You can have all the technical expertise and customer service experience in the world, but if you can’t communicate clearly it won’t do any good. There are many barriers to clear communication with your customer.

Jargon is the biggest barrier to clear communications. Jargon is a set of terms particular to an industry. Computers have their own dictionary of terms which is enough to throw even the most seasoned computer user into despair.

On top of this, the customer service industry has acronyms like SLAs and FCR. These stand for Service Level Agreement and First Call Resolution. Even with the words spelled out, it’s still unclear to many people what these are. The SLA is the agreement on how fast technicians have to respond to the various levels of trouble tickets. The more critical the issue, the faster the response.

First Call Resolution simply means an issue that was resolved on the first call. This often applies to a help desk where the first person a customer speaks to solves their issue. Terms like this needlessly confuse customers and make them feel even more confused and frustrated.

When speaking to a customer don’t use jargon.

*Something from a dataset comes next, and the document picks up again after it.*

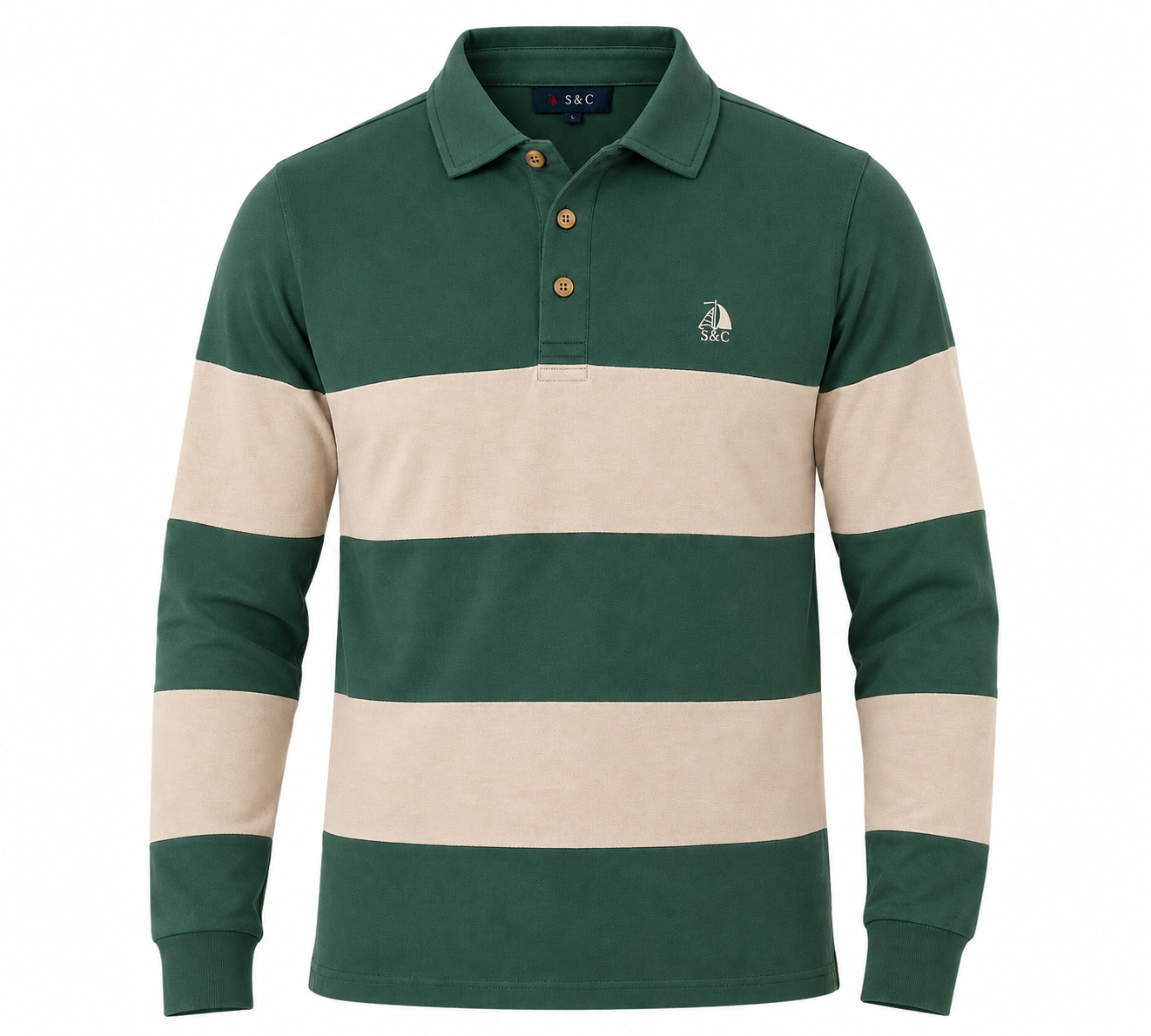 Polo Oporto manga larga rayas verde y beige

Speak in plain terms anyone can understand. It can help to pretend you’re talking to a parent or friend in your life who is clueless about computers. Speak to your customers in the same way, with a friendly understanding and caring attitude.

Just as jargon is too specific, being too vague is also a barrier to clear communication. Recently, a customer was working with a network team member to move a database to another server. It was a web-based application and after the move was complete, nothing showed up for the customer. She contacted the network technician stating what she was seeing. His response was, “What system are you using?”

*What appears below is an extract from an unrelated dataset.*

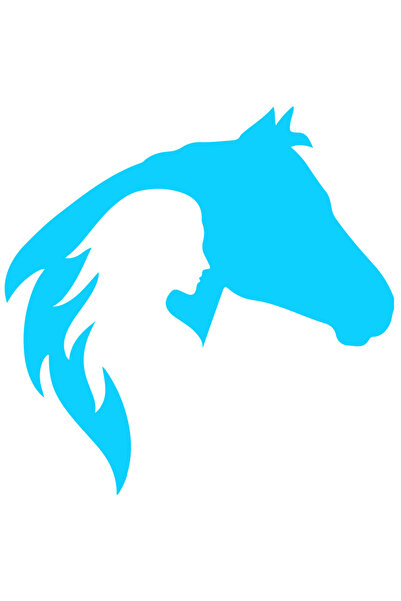 StoryGift Romania Sticker Autocolant 70CM Exterior cu un cal si o femeie - li...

My customer came to me for help because she didn’t understand the question. This could mean any number of things. What browser are you using? Are you on a Mac or a PC? What is the URL you’re looking at? We had to email the technician back and ask what exactly he was requesting which added time and frustration to resolving the issue. Be precise when communicating with customers.

It’s very easy to assume everyone understands what you mean. It’s easy to overlook something trivial like saying “system” when you know what system you’re talking about. Try to be precise as possible especially when communicating. Otherwise you’ll find yourself going back and forth with a customer to clarify and not make progress resolving the problem.

There can be an actual spoken language barrier. I support customers whose native language is not English. I work with customers who speak Korean, Chinese, Japanese, Russian, Spanish, and French. While they may be able to speak English and hold a conversation, when it comes to certain terms they may not know the words to communicate the issue they’re having. Many of my customers consider my ability to speak “computer” a second language. Imagine how hard it must be to know the terminology in their native tongue and in English.

It takes some guesswork and some demonstration to get a clear picture of the problem. All the more reason when you’re communicating with your customer to use simple words if needed and find a common ground on which to communicate. If your customer can’t understand you and you can’t understand your customer. You’re not going to get anywhere.

Always be clear and direct with your customers. The more time you spend clarifying, the less time you can spend solving problems.